Капитан, кивнув, перехватил запястья парня, и Видо повторил молитву. Курт намочил платок водой из фляжки, протянул Якобу, и тот вытер кровь с ресниц. Теперь стало окончательно ясно, что полопались лишь мелкие жилки внутри век, сами глаза уцелели. Хотя страху рейтары натерпелись, конечно. Обоих била дрожь, у Фрица стучали зубы, Якоб беззвучно шевелил губами, и Видо одним наметанным взглядом определил «Милосердие Господне». Это он молодец, это правильно.
– Чтобы оба свечу в локоть поставили за здравие герра патермейстера, – нравоучительно сказал капитан. – Если бы вас, балбесов, приложило после малого благословения, так легко бы не отделались. А вообще без благословения остались бы слепыми как кроты. Счастье ваше, дурни, что герр патермейстер сил на защиту не жалеет.
Видо встал, укоризненно глянул на фон Гейзеля и уронил:
– Ставить за меня свечи – безусловно лишнее, капитан. Не мне приносите благодарность, а Господу. – И повернулся к Йохану. – Что там в сарае?
– Человек, герр патермейстер! – бодро отрапортовал тот. – Виду странного, сам в беспамятстве, растянут на полу, как свиная туша для разделки.
Человек?!
– Оставайтесь здесь! – резко бросил Видо и поспешил к сараю, чувствуя, как с каждым шагом идти становится все труднее, вот только ведьмин морок не имеет к этому никакого отношения.
Как и к тому, что все вернувшиеся после смерти ведьмы звуки снова стали глуше, даже зычный голос капитана Курта звучал тихо, словно издалека; и горло сжимается, не давая вдохнуть полной мерой…
Навалилось удушье, на лбу и ладонях выступил пот, зазнобило и замутило до мелкой дрожи, сердце то сжималось и замирало, то колотилось с немыслимой силой, и грудь разрывалась от необходимости немедленно делать хоть что-то и одновременно слепого, не рассуждающего ужаса.
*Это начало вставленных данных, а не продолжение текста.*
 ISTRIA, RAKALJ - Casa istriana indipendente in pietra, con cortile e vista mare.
Ведьма едва не погубила всех!
Если бы не Йохан…
Проклятая старуха попросту сожрала бы весь отряд, включая его самого, и тогда… Ведьма, сожравшая патермейстера, к тому же истинного клирика – страшно и подумать, какую мощь она смогла бы обрести! Однажды… такое случилось лишь однажды – и от Лондиниума до Лютеции прокатилась чума, страшнее которой не бывало ни раньше, ни после!
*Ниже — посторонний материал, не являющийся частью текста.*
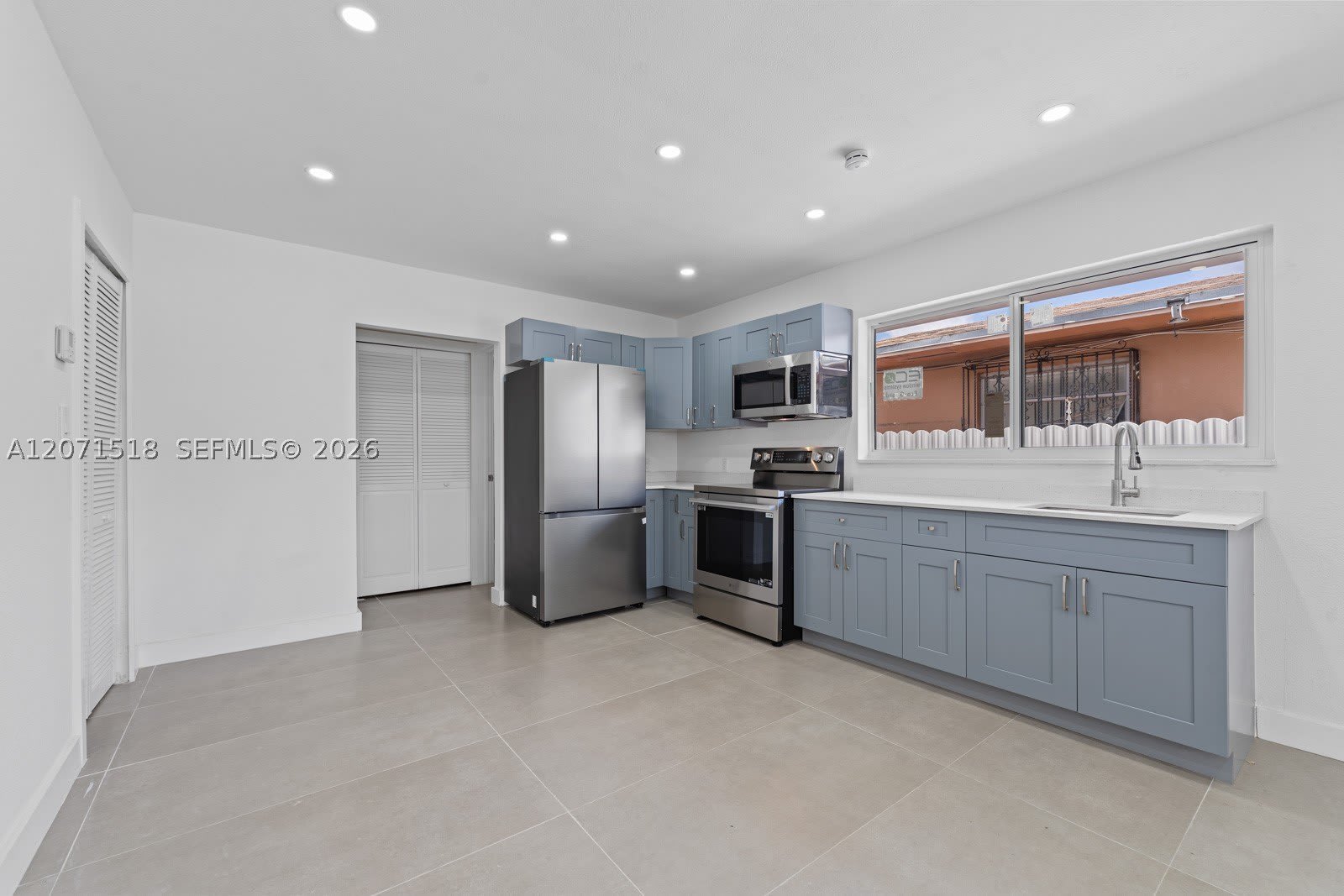 1849 NW 16th St – photo 2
Перешагнув порог и затворив за собой дверь, Видо пошатнулся, опустился на колени и, едва разомкнув запекшиеся губы, вытолкнул первые слова благодарственной молитвы.
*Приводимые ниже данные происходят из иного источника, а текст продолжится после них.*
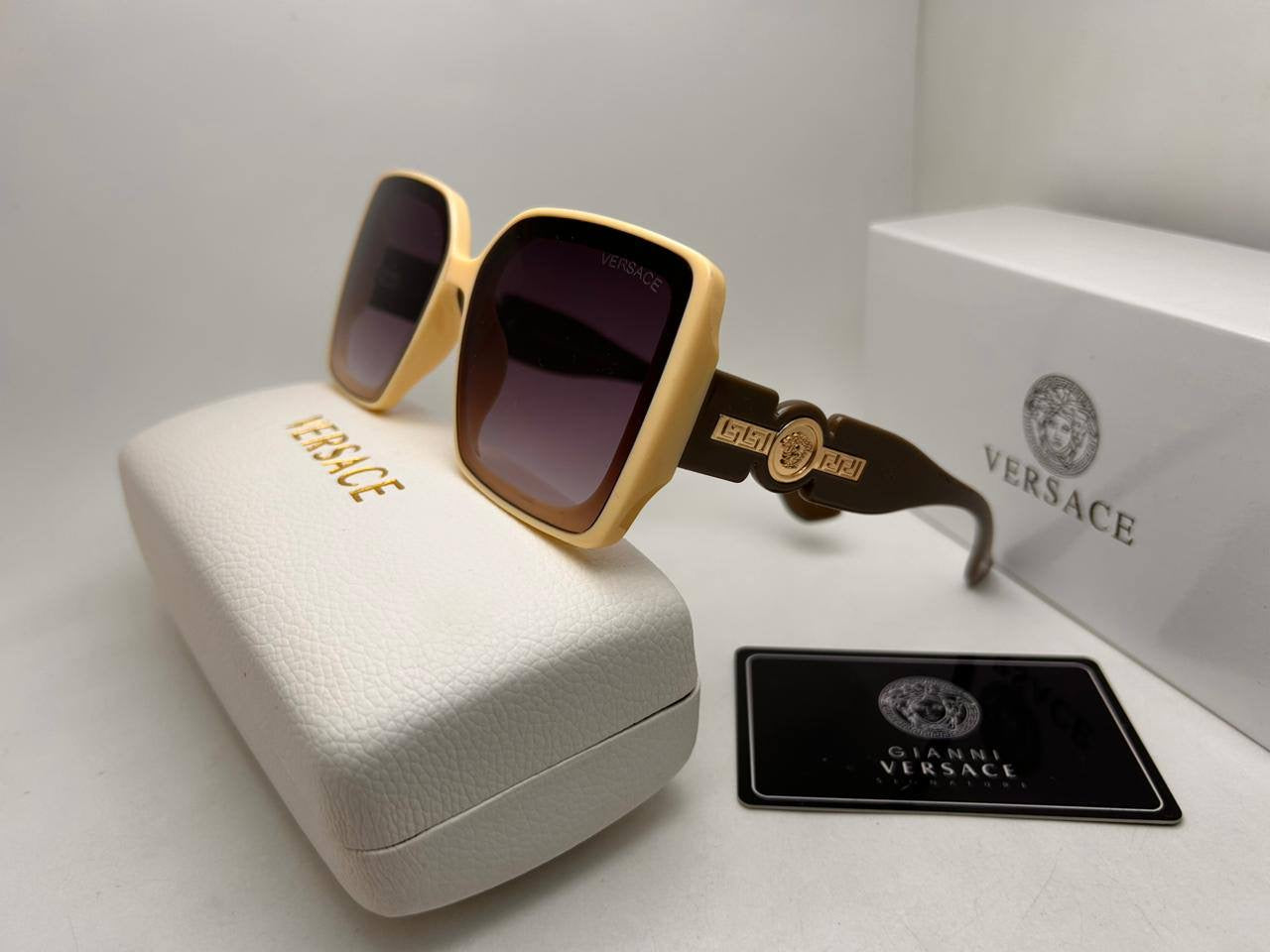 Versace
65 dhs🪙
Теплая благодатная сила тонким ручейком заструилась в нем, омывая, отгоняя темный липкий ужас, успокаивая сердце, позволяя снова вдохнуть полной грудью… После третьей молитвы Видо поднялся на ноги и осмотрелся.
…Сарай, очевидно, служил ведьме мастерской: едва Видо смог глубоко дышать, как ощутил резкий запах трав, знакомых каждому патермейстеру – пижма, полынь и гвоздика, которыми ведьмы отгоняют насекомых и используют еще множеством способов.